Tag Archives: Kara Brockmeyer

Congress Passes Foreign Extortion Prevention Act, Targeting “Demand Side” of Foreign Bribery

by Kara Brockmeyer, Andrew M. Levine, David A. O’Neil, Winston M. Paes, Jane Shvets, Bruce E. Yannett, Douglas S. Zolkind, and Erich O. Grosz

Top left to right: Kara Brockmeyer, Andrew M. Levine, David A. O’Neil, and Winston M. Paes
Bottom left to right: Jane Shvets, Bruce E. Yannett, Douglas S. Zolkind, and Erich O. Grosz (Photos courtesy of Debevoise & Plimpton LLP)
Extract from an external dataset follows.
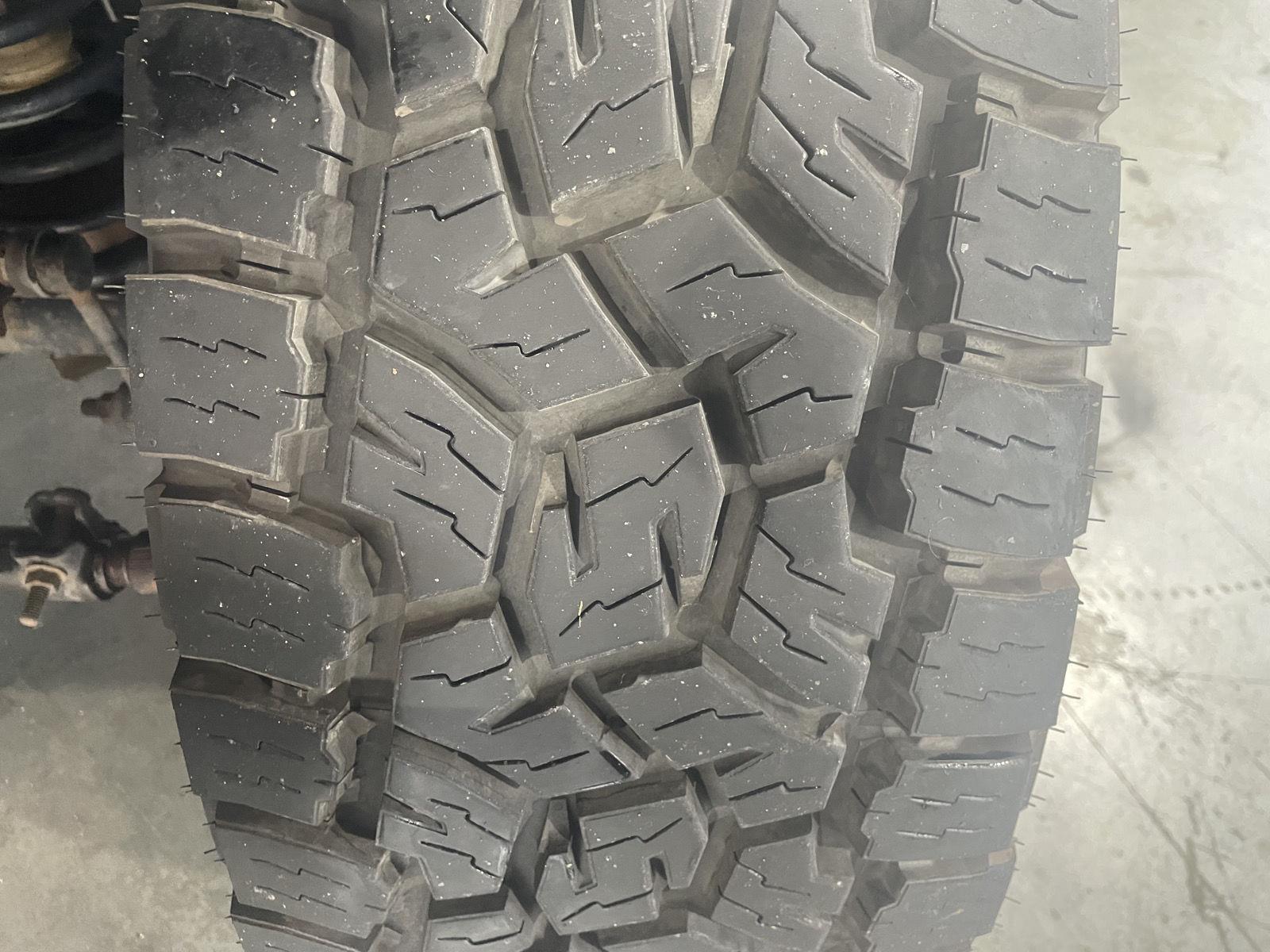 Vehicle photo 9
On December 14, 2023, the U.S. Congress approved the Foreign Extortion Prevention Act (“FEPA”), which will make it a federal crime for any foreign government official to demand or receive a bribe from a U.S. citizen, resident or company in exchange for taking or omitting to take official action or conferring any improper business-related advantage.[1] This legislation, which is part of the National Defense Authorization Act and expected to be signed into law by President Biden, substantially expands U.S. enforcement authority with respect to foreign bribery and aligns with the Biden Administration’s elevation of anti-corruption enforcement to a national security priority.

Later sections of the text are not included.